Surgery for certain bad heart valves may soon become a thing of the past. New studies have suggested that it is okay and it is even better to have a new valve placed through a tube into an artery instead.

The results of this study are expected to quickly transform the common treatment of a problem that affects millions of people which is a stiff or narrowed aortic valve that doesn't let blood pass. Until recently, fixing severe cases like this required a major operation using a heart-lung machine while surgeons cut out the old valve and sewed in a new one.

Years ago, expandable aortic valves were made so that it can be guided to the heart through a catheter into a blood vessel and placed inside the old valve. But they're only used now in patients that can't stand this type of surgery.The new studies tested these valves in patients that have low risk for the operation and found them as good or superior to surgical ones.

"This is our last frontier" to make these devices a standard of care, said Dr. Joseph Cleveland, a University of Colorado heart surgeon with no role in the studies or ties to the companies that sponsored them. "It's a great thing" for patients to be able to avoid major surgery, he said.

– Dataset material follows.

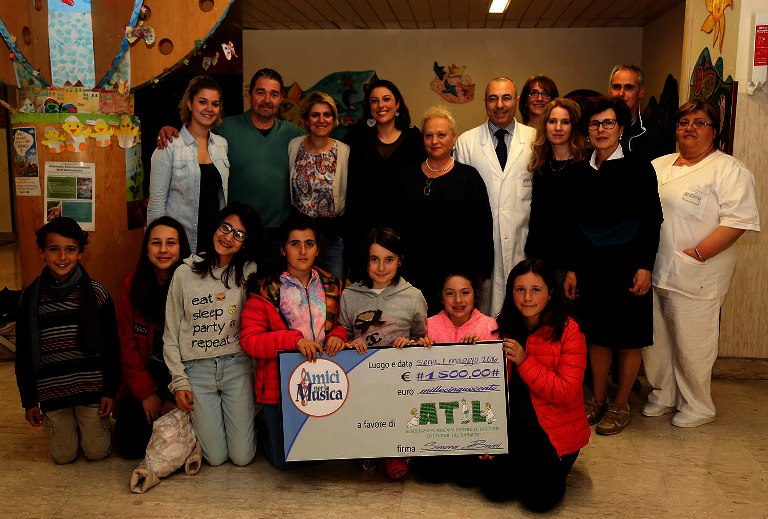 L’Associazione “Amici per la Musica” ha consegnato un assegno all’ATL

Results were published by the New England Journal of Medicine on Saturday and were to be discussed at an American College of Cardiology conference in New Orleans on Sunday.

One study shows that about 1,000 patients were given standard surgery or what is called an expandable Edwards Lifesciences valve. After one year, 15 percent of the surgery group had died, suffered a stroke or needed to be hospitalized. 

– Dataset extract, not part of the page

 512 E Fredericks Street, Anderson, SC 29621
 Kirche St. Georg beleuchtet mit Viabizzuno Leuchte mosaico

In the other study, 1,400 patients were given surgery or what is called a Medtronic expandable valve. Based on partial results, researchers recorded that after two years, 6.7 percent of the surgery group had died or suffered a disabling stroke.

In both studies, certain issues were more common with surgery, including development of a fluttering heartbeat called atrial fibrillation or major bleeding. In the Medtronic study, 17 percent of expandable valve recipients later needed a pacemaker versus 6 percent of people who had surgery.

Previous studies suggests that the overall costs are lower with expandable valves, which is about $30,000 versus $5,000 for surgical ones, largely because they require shorter hospital stays and caused fewer complications, said Cleveland, who also is a spokesman for the College of Cardiology.

In the United States, surgeries to replace aortic valves have been falling. Only about 25,000 are expected to be done this year and Cleveland expects that to drop by half next year and by half again in 2021.

He and other doctors say the expandable valves still need longer study to see if they can hold up as well as surgical ones.